Ada juga pasangan pengantin
yang memang sengaja tidak ingin mendapatkan seorang anak. Mereka memiliki
prinsip yang tidak jelas ujung pangkalnya. Beranggapan bahwa anak hanya membuat
susah hidup mereka. Mereka juga yang nanti bakal menyengsarakan orang tua. Bisa
juga mereka tidak peduli sama sekali dengan orang yang melahirkan dan
merawatnya.
Ya, banyak sekali macam
orang di dunia. Yang jelas, kebanyakan orang sangat menanti seorang anak yang
selalu bikin ramai dan meriah. Hingga timbul rasa cinta kepada mereka, sebab
kepada merekalah tongkat estafet akan diberikan. Kepada merekalah reputasi
keluarga akan dilanjutkan dan diteruskan. Maka apa saja akan dilakukan oleh
orang tua kepada anaknya.
Cinta itu baik asalnya. Dan cinta itulah yang mendatangkan rasa senang dan
bahagia. Cinta orang tua kepada anak adalah contohnya. Apa saja kebaikan yang
dilakukan, diraih, dirasakan oleh sang anak, orang tua pun akan gembira dan
bahagia. Sebaliknya, bila keburukan dilakukan, dirasakan, didapatkan oleh sang
anak, maka orang tua pun akan merasakan kesedihan hingga mendalam. Itulah
cinta.
Akan tetapi, kadang terjadi salah kaprah dalam urusan ini. Karena cinta, orang
tua menuruti apa saja yang diinginkan oleh sang anak. Beli HP buat main PUBG,
oke. Beli makanan junkfood setiap saat, oke. Beli motor untuk bisa nongkrong
bersama teman-teman, oke. Izin pacaran dengan lawan jenis, oke. Semuanya oke,
hingga tak sadar bahwa itu telah merusak masa depan sang anak.
Cinta telah membutakan mata dan hati orang tua. Menuruti apa saja yang
diinginkan oleh sang anak hanya karena ingin mendapat balasan cinta.
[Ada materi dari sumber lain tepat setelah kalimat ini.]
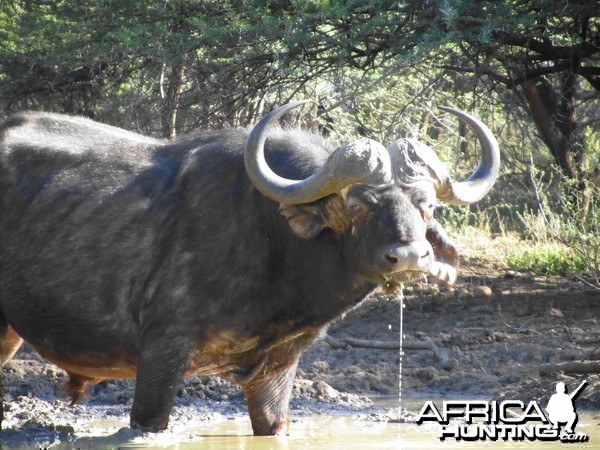 Good bull Buffalo at the waterhole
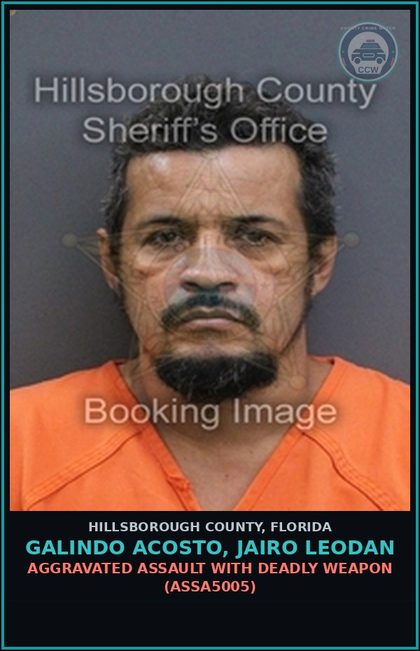 CCW arrest card for GALINDO ACOSTO, JAIRO LEODAN in Hillsborough County: AGGRAVATED ASSAULT WITH DEADLY WEAPON (ASSA5005)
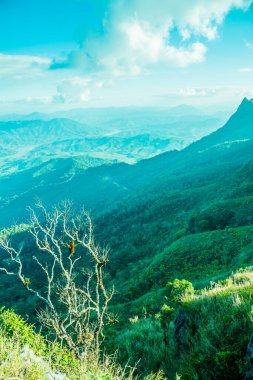 Tayland 'ın Chiangrai ilindeki Doi Pha Tang Dağı manzarası.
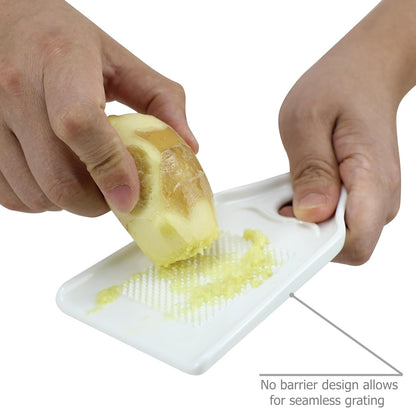 Porcelain Grater Plate Grinding Dish, Cooking Preparation Tool
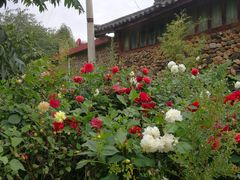 -炊烟餐厅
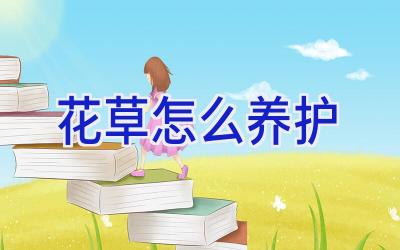 花草怎么养护插图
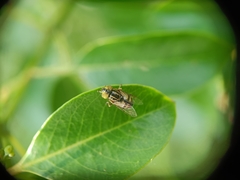 Eristalinus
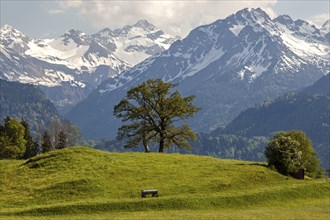 Group of trees in spring, snow-covered mountains of the Allgaeu Alps in the background, near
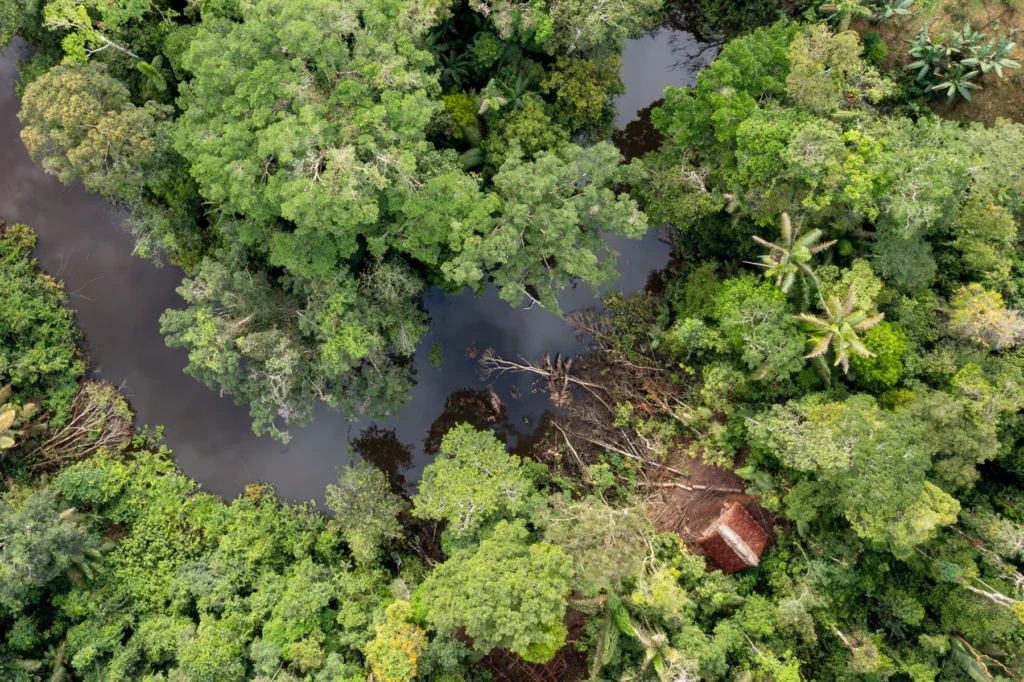 Camping in Amazon Rainforest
Padahal
itu adalah fitnah. Sebuah tindakan yang tidak pernah diajarkan oleh nabi kita.
Melewati batas kata cinta itu hingga buta. Tak terasa diri sudah menjadi budak
manusia.
Mungkin tak semua orang tua setuju dengan kata “kekerasan”. Naik suara dianggap
keras dan kejam. Memberi hukuman disebut bar-bar. Memukul dikatakan mengerikan.
Sehingga orang tua tidak pernah sama sekali memarahi atau menghukum sang anak
bila melakukan kesalahan. Mereka hanya membiarkan atau mencegahnya saja agar
tidak diteruskan. Namun di hari-hari berikutnya tetap saja dilakukan. Dan orang
tua tidak mau marah karena takut akan dibenci oleh sang anak.
Hasilnya adalah anak manja. Mereka tidak bisa hidup mandiri dan selalu
tergantung pada orang tua. Mudah menangis dan sakit hati. Mereka tidak bisa
survive dengan kehidupan yang keras. Makanya yang tercipta adalah mental yang
lemah dan payah.
Hingga suatu saat nanti
orang tua akan merasakan bagaimana punya anak yang selalu membuntut pada
mereka. Tidak bisa lepas dari “ketek” mereka. Bahkan mungkin suatu saat nanti
mereka membuat masalah sehingga membuat kita susah. Sedangkan umur sudah tua.
Saya sangat ingat sekali dengan perkataan Cak Nun dalam salah satu ceramahnya.
Ada 4 hal yang perlu kita tanamkan kepada anak. Pertama, akhlak. Ini adalah hal
yang sangat penting. Akhlak di sini maksudnya sudah mencakup aqidah dan ibadah.
Karena akhlak, aqidah, dan ibadah tidak bisa terpisah. Ibarat buah, aqidah
adalah biji. Ibadah adalah daging. Dan kulit adalah akhlak. Tanpa itu semua,
yang lainnya jadi nggak penting. Bisa ini bisa itu, kalau tidak punya akhlak,
semuanya ambyar.
Kedua, militer. Maksudnya bagaimana kita mendidik anak menjadi disiplin,
tangkas, dan kuat. Apakah harus dengan mukul? Tidak harus. Namun bila itu
sangat dibutuhkan, maka tak masalah. Bahkan nabi pun memerintahkan kita bila
seorang anak ketika sudah berumur 10 tahun dan tidak mau shalat, kita bisa memberinya
“pukulan”. Asalkan tidak melukai dan menyakitkan. Paling tidak membuat jerah.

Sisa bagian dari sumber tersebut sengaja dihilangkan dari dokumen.